Eater NY headed to the newest Manhattan restaurant from Major Food Group to find out

Say what you want about Major Food Group, comprising Rich Torrisi and Mario Carbone, along with their partner, Jeff Zalaznick, who’ve opened a conglomerate of restaurants across the globe — many of them named after themselves. Let’s face it: They’re long on appeal, or they wouldn’t be doing so well.

Maybe it’s because they make restaurantgoers feel like they belong, that they’re part of an exclusive New York set (if only for a night). It’s a thrill to score a reservation at Carbone. A lucky few can afford to dine at the Grill in the former Four Seasons, or can pay thousands of dollars for a members-only New York branch of ZZ’s Club.

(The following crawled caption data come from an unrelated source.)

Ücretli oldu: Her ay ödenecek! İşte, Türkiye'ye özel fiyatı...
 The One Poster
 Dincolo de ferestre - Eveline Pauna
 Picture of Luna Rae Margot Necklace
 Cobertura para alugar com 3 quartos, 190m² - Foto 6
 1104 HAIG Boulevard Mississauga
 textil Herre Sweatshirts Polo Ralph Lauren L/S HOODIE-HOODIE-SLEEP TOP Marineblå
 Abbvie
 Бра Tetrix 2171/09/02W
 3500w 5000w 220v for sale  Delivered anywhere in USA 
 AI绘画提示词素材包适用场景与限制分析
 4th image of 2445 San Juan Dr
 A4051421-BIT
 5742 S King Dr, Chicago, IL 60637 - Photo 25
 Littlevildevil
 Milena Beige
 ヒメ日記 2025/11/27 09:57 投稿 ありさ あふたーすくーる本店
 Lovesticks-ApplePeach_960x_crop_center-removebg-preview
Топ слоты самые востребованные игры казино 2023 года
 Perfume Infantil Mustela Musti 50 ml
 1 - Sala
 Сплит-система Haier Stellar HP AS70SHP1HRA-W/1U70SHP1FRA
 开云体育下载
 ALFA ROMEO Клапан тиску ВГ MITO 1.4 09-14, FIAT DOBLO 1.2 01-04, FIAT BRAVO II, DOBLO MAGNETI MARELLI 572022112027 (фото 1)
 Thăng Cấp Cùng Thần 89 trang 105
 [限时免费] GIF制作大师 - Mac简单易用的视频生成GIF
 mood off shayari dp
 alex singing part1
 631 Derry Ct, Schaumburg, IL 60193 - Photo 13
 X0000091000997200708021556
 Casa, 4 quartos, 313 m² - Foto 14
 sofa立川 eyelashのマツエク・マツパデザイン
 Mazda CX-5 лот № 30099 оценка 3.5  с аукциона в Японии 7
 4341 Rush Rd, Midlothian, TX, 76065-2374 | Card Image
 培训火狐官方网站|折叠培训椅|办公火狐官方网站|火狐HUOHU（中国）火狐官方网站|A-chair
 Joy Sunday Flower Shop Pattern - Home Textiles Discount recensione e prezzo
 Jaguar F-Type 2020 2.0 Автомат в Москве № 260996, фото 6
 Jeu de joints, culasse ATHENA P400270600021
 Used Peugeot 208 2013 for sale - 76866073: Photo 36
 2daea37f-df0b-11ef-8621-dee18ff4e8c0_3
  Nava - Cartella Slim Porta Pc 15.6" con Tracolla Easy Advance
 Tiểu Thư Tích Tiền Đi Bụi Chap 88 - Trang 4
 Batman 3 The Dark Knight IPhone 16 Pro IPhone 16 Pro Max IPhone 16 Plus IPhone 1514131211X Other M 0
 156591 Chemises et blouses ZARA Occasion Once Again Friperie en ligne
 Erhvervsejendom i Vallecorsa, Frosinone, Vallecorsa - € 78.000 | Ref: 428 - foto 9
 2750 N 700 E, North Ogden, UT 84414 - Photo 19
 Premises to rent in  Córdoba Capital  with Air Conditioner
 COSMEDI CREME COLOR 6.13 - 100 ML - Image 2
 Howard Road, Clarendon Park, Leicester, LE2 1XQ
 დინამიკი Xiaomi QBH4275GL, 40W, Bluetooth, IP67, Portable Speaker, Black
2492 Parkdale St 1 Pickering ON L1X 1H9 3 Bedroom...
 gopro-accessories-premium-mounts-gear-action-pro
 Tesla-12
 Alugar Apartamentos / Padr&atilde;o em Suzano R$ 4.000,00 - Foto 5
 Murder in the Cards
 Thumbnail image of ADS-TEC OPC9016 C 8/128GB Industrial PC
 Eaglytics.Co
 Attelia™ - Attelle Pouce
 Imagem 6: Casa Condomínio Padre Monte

Perhaps Major Food Group restaurants are well-liked because they’re quite good: Deep pockets and culinary training allow them to tend to details the way few restaurant groups can, procuring top-of-the-line ingredients and assembling a dining room that’s just so. That’s in line with what New York Times food critic Pete Wells says in his recent three-star review of Torrisi Bar & Restaurant, in which he also points out that it may well be “polarizing” for its size, the expense, and the noise, as well as the fact that on his visits, the front-of-house employees were primarily men.

Torrisi first opened in 2010 as a sandwich shop by day and a prix fixe restaurant at night before closing in 2015. In its comeback, now in the Puck Building, the menu has an Italian throughline, referencing the first restaurant from Torrisi and Carbone, but also has nods to Vietnamese, Chinese, Jewish, and Jamaican dishes.

The staff at Eater New York decided to dine at Torrisi and try it for ourselves.

The space

The end of the bar leading into the dining area at Torrisi.
People sitting at bar stools facing away from the viewer.
The bar at Torrisi Bar and Restaurant.

Luke Fortney: When I first walked in, I saw meats hanging in a glass case, four hosts at the stand, and a man in a puffer jacket and Sperrys, and I wondered if I had overdressed.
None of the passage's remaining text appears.